Problem to work on: Leave out the pictures and output exactly the lines below from the one with "So what I did" down to the one with "So I got everything", both of them included.

Given records:
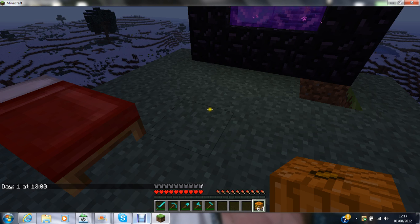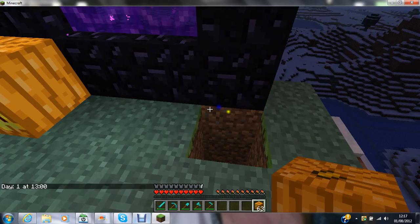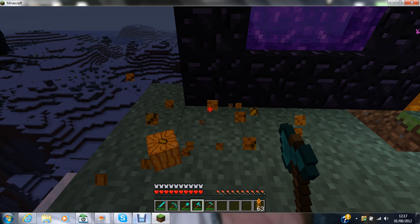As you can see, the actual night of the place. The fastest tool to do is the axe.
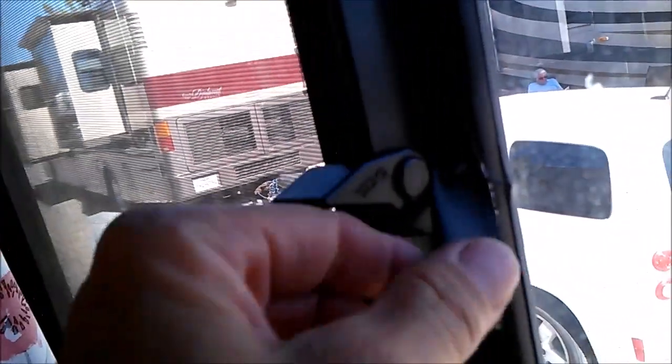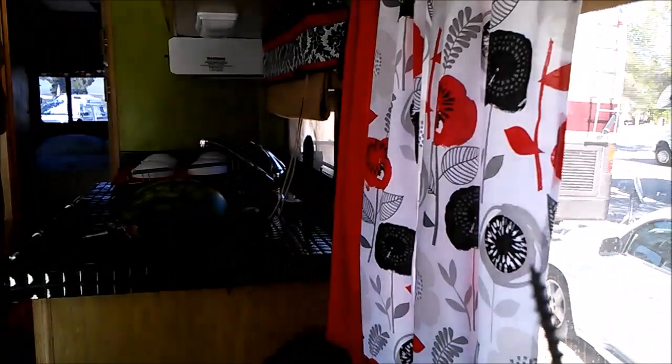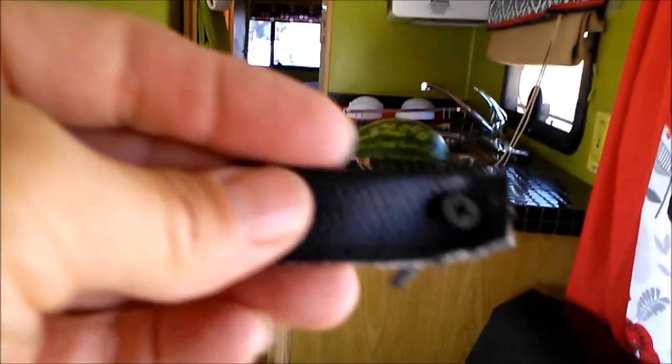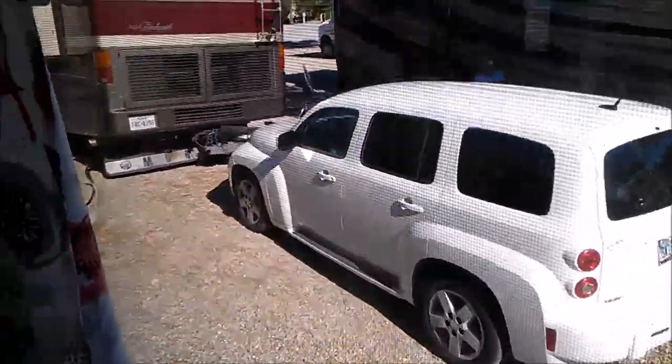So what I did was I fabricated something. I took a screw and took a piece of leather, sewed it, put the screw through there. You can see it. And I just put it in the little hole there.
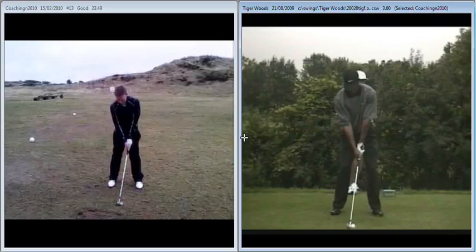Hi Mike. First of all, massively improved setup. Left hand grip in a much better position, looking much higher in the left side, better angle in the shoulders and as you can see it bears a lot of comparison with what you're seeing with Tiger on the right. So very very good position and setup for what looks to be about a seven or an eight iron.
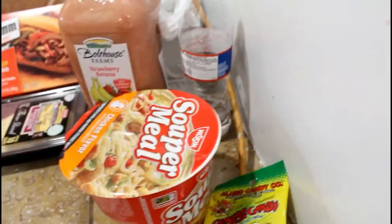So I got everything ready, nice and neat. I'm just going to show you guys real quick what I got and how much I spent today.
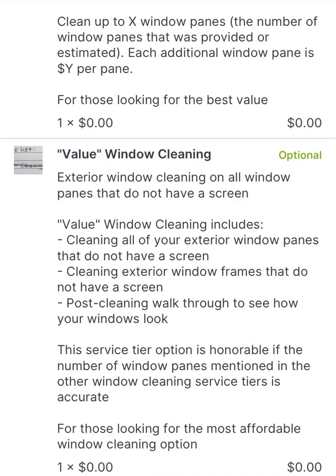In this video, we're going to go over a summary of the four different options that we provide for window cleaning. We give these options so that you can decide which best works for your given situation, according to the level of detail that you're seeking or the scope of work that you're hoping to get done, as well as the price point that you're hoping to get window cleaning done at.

Your solution:
So what I did was I fabricated something. I took a screw and took a piece of leather, sewed it, put the screw through there. You can see it. And I just put it in the little hole there.
Hi Mike. First of all, massively improved setup. Left hand grip in a much better position, looking much higher in the left side, better angle in the shoulders and as you can see it bears a lot of comparison with what you're seeing with Tiger on the right. So very very good position and setup for what looks to be about a seven or an eight iron.
So I got everything ready, nice and neat. I'm just going to show you guys real quick what I got and how much I spent today.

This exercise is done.